Die Morgendämmerung war nicht mehr fern, doch der dichte Nebel ließ eher an Mitternacht denken. Ein Bulle brauchte schon Röntgenaugen, um mich in flagranti zu erwischen. Ich verzog mich ins Gebüsch, ließ die Hosen runter und – konnte nicht. Mein Leben lang habe ich gezeltet, aber mit dem Pinkeln in freier Natur habe ich immer Schwierigkeiten gehabt.

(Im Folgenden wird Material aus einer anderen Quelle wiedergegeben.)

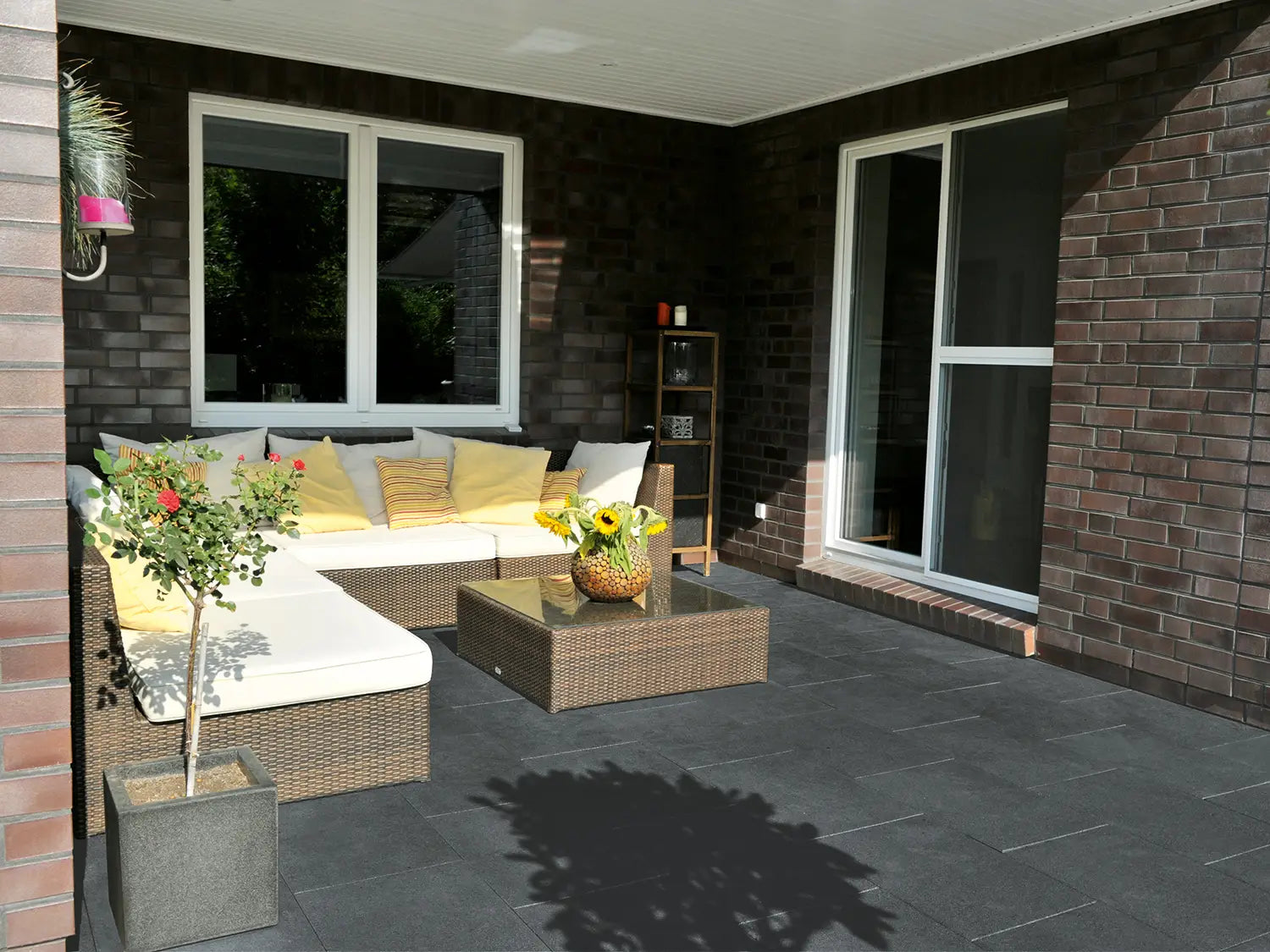 60x40 NanoLine-Terrassenplatten in anthraziter Natursteinoptik von Woehe & Heydemann verlegt auf einer modernen Terrasse mit überdachter Lounge 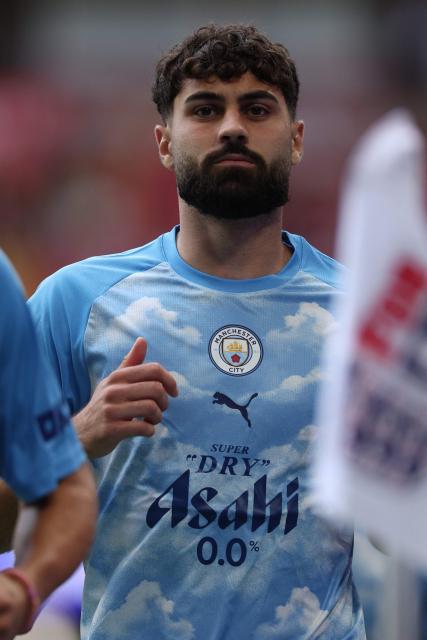 Manchester City's Croatian defender #24 Josko Gvardiol warms up ahead of the English FA Community Shield football match between Arsenal and Manchester City at The Principality Stadium, in Cardiff, south Wales on August 16, 2026. (Photo by Adrian Dennis / AFP)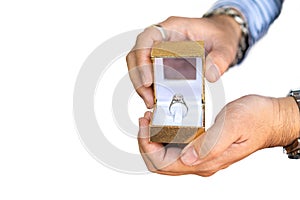 Man hold box with beautiful and luxury wedding diamond ring on two hand isolated on white background with clipping path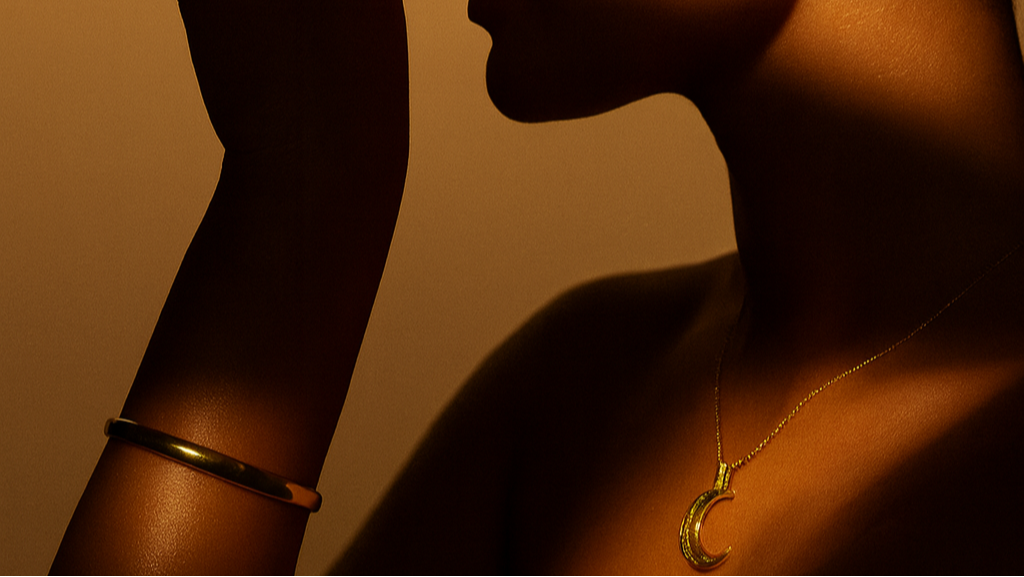 Silhouette of a person wearing gold jewelry against a warm-toned background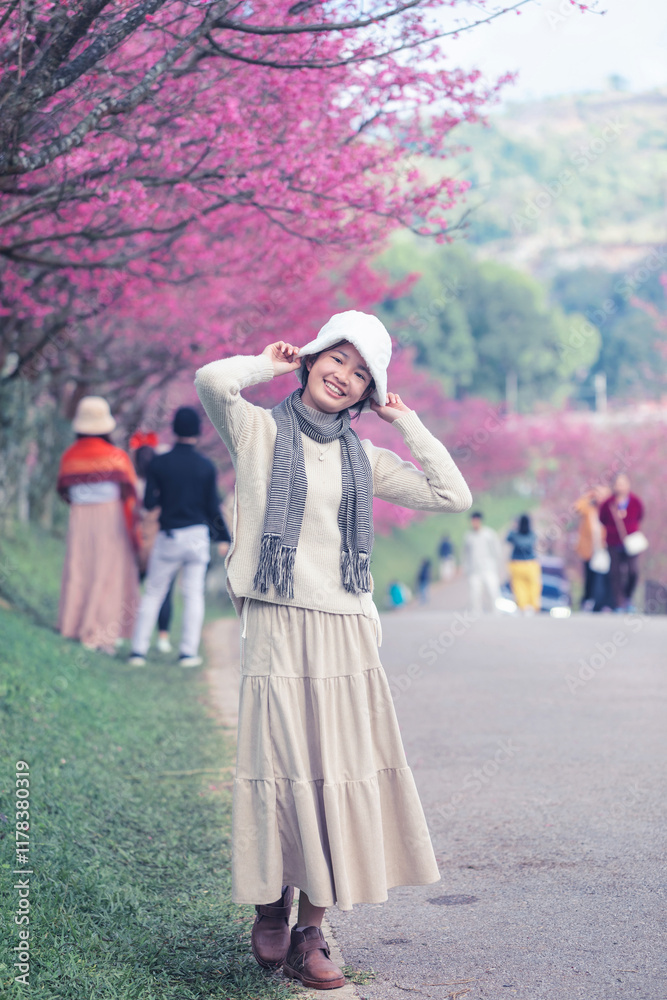 Happy travel Asian teen girl smile with sakura cherry blossoms tree on vacation while spring park nature background. , Journey trip lifestyle Happy travel Asian teen girl smile with sakura cherry blossoms tree on vacation while spring park nature background. , Journey trip lifestyle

Normalerweise lache ich über den sogenannten Penisneid, aber in Augenblicken wie diesen dachte ich gelegentlich, der gute Doktor aus Wien könne recht haben. Ich holte tief Luft und versuchte es wieder. Da ertönte ein lautes Krachen, gefolgt von einem »Uff!«. Rob schoß aus dem Bus: »Rebecca! Rebecca!«

»Ich bin hier. Beim Pinkeln.« Das war eine Lüge. Ich kämpfte mit dem Reißverschluß. Mein Slip hatte sich darin verhakt. Keine Zeit, das zu entwirren. Ich zog meinen Pullover so tief nach unten wie nur möglich und flitzte aus den Büschen. Rob rannte den Berg hinauf. Ich holte ihn ein, und wir liefen weiter. Vor uns hörten wir kratzende Geräusche, die Richtung stimmte also. Man konnte nicht die Hand vor Augen sehen.

Wir rannten wie die Weltmeister, warum weiß ich nicht. Es lag wohl am »Uff«. Vielleicht war jemand unter dem gigantischen Gipfelkreuz überfallen worden. Andererseits war es nicht übel, frühmorgens im Nebel bergauf zu joggen, während Eukalyptusduft einem die Nasenflügel verätzte. Aber ich wurde müde. Rob war eine Biegung vor mir und rief plötzlich »O mein Gott!«

Erst konnte ich nicht erkennen, was ihn erschreckt hatte. Ich sah nur das Kreuz, und das war in der Tat beeindruckend. Daß ein geschnitzter Jesus dranhing, hatte ich nicht gewußt. Der Nebel hob sich sekundenlang. »Jesus!« sagte ich und log schon wieder. Das war kein Jesus oder das, was sich ein Künstler darunter vorstellte, das war nicht einmal ein übler Streich. Ans Kreuz genagelt hing ein blutüberströmter, weißhaariger Mann in Jeans und grünem Cowboyhemd.